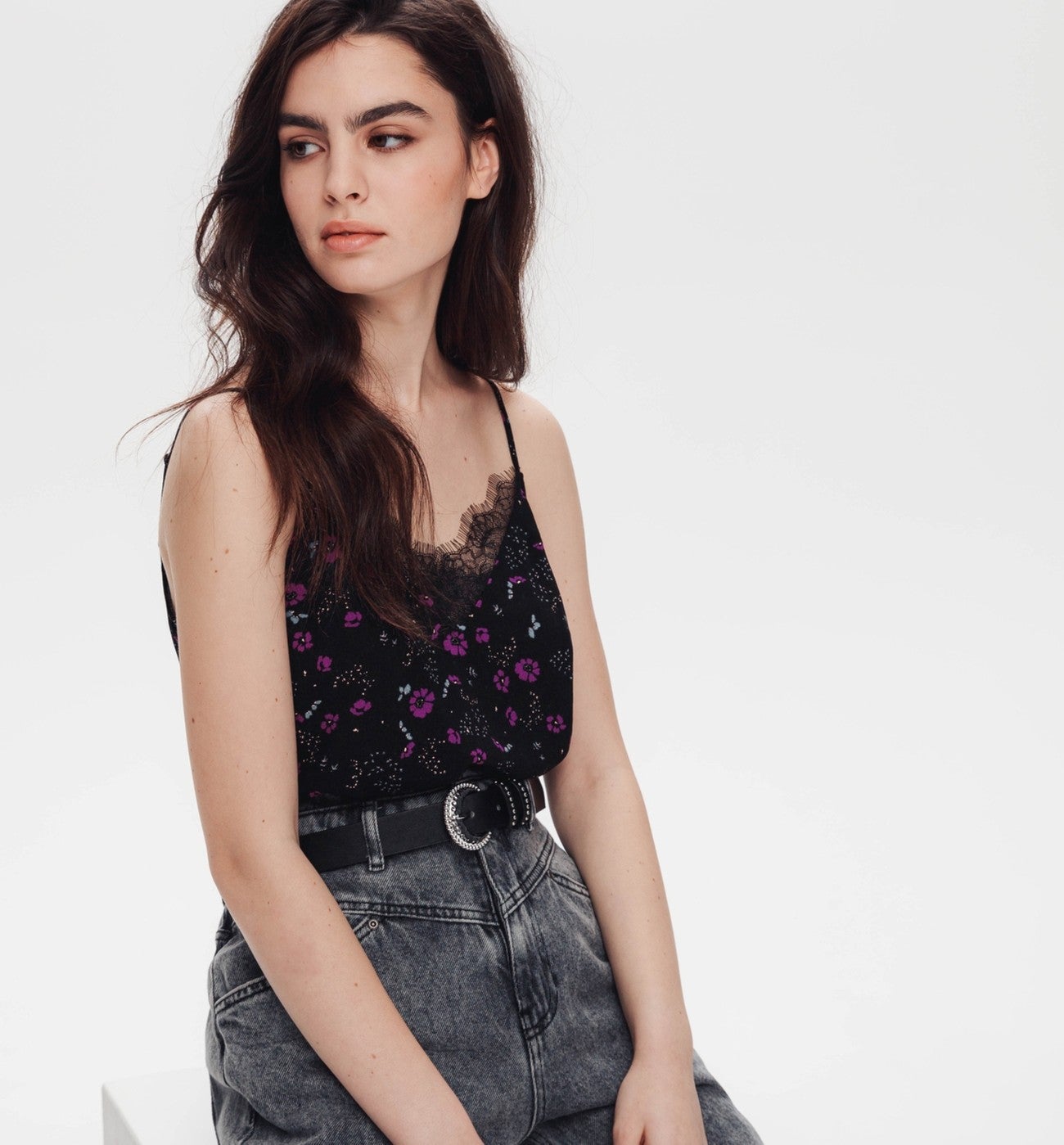 Patterned strappy top - Black print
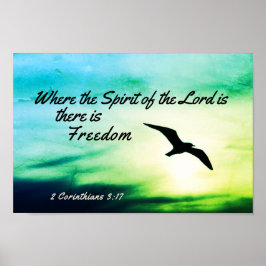 2 Corinthians 3:17 Freedom Bijbel Verse Bird Flyin Poster
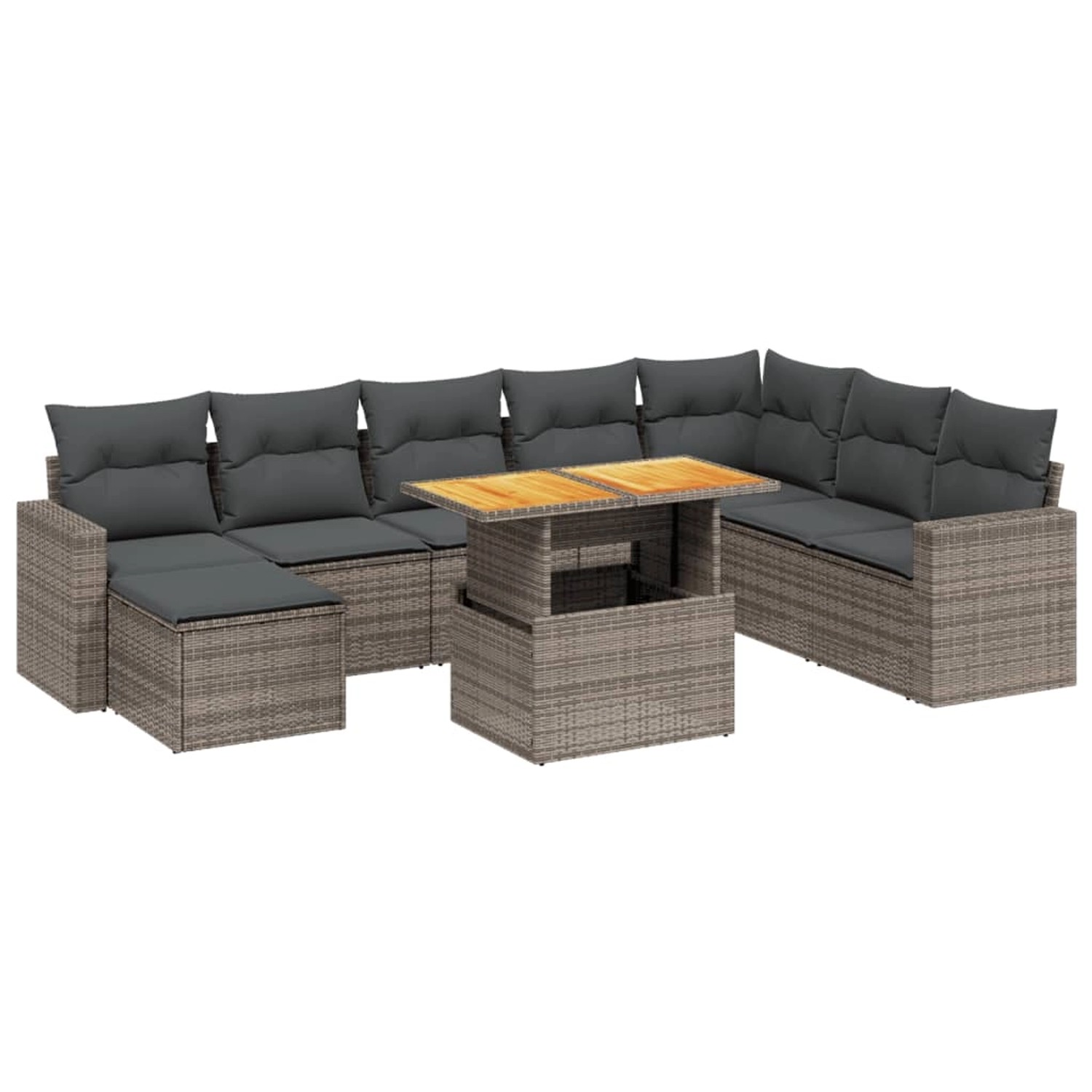 vidaXL 9-Tlg Garten-Sofagarnitur mit Kissen Grau Poly Rattan 3275629 günstig online kaufen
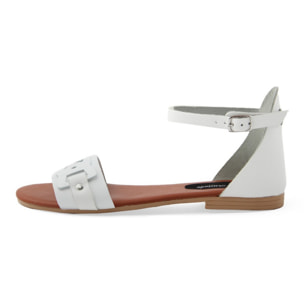 Sandali Flat Made in Italy in pelle colore Bianco, Altezza tacco 1,2 cm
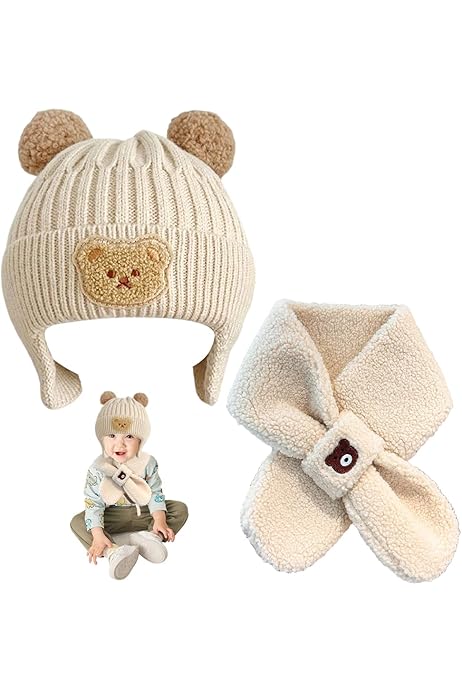 Kinder Mütze Schal Handschuhe Set - 3-teiliges Winter-Set Aus Polyester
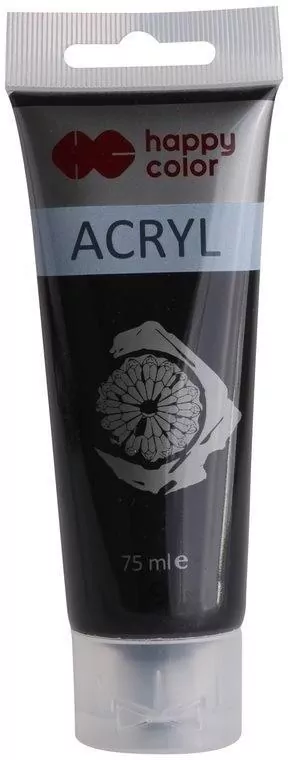 Happy Color. Farba akrylowa, czarna 75ml - tantis.pl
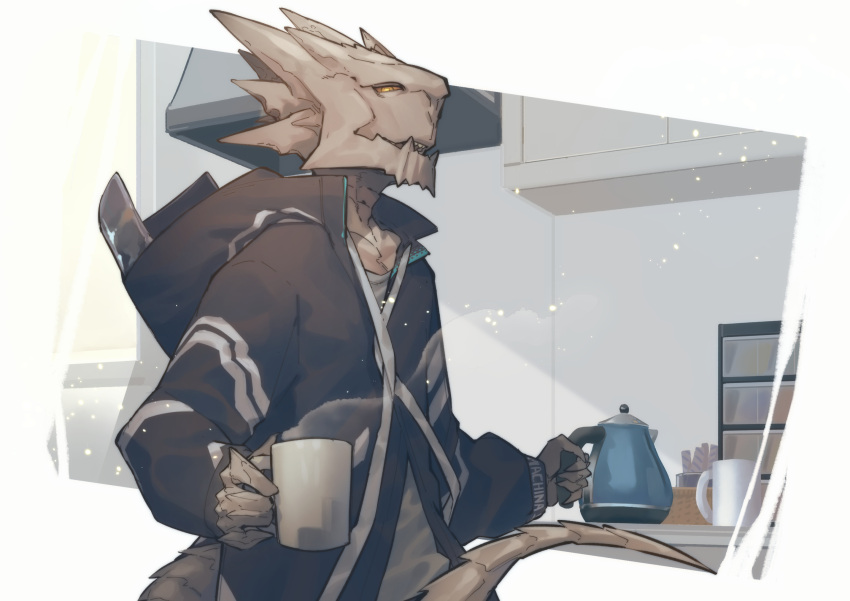 12f_(arknights) 1boy arknights black_coat coat cup furry highres holding holding_cup hood hood_down hooded_coat indoors kitchen koryuu_(gackter10) mug solo standing steam teapot yellow_eyes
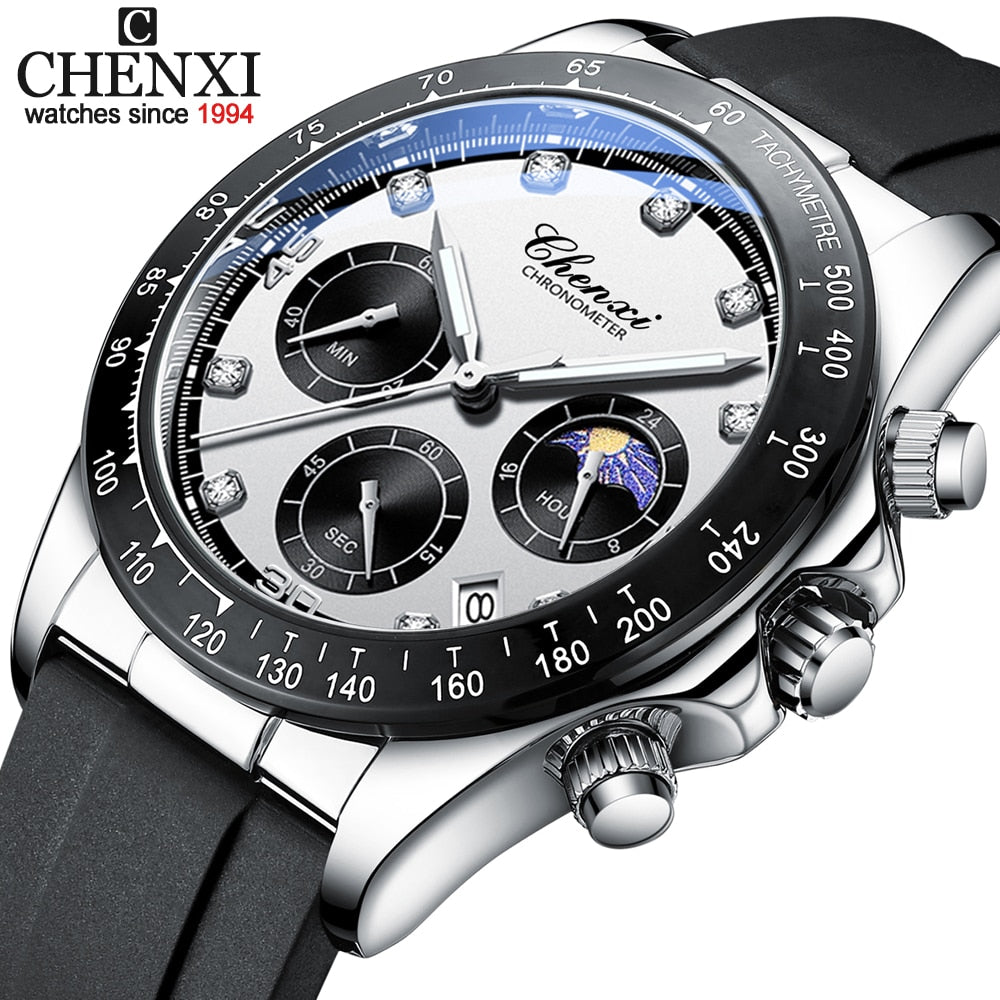 CHENXI Fashion Chronograph Mens Watches Date Waterproof Quartz Sport Wrist Watch Men Casual Leather Analog Watch Male Clock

WHAT IS BEING ASKED |
Everything from the line that contains "Happy Color. Farba" through the final line of the material should be returned exactly, except the pictures.

TASK OUTPUT |
 Happy Color. Farba akrylowa, czarna 75ml - tantis.pl
 12f_(arknights) 1boy arknights black_coat coat cup furry highres holding holding_cup hood hood_down hooded_coat indoors kitchen koryuu_(gackter10) mug solo standing steam teapot yellow_eyes
 CHENXI Fashion Chronograph Mens Watches Date Waterproof Quartz Sport Wrist Watch Men Casual Leather Analog Watch Male Clock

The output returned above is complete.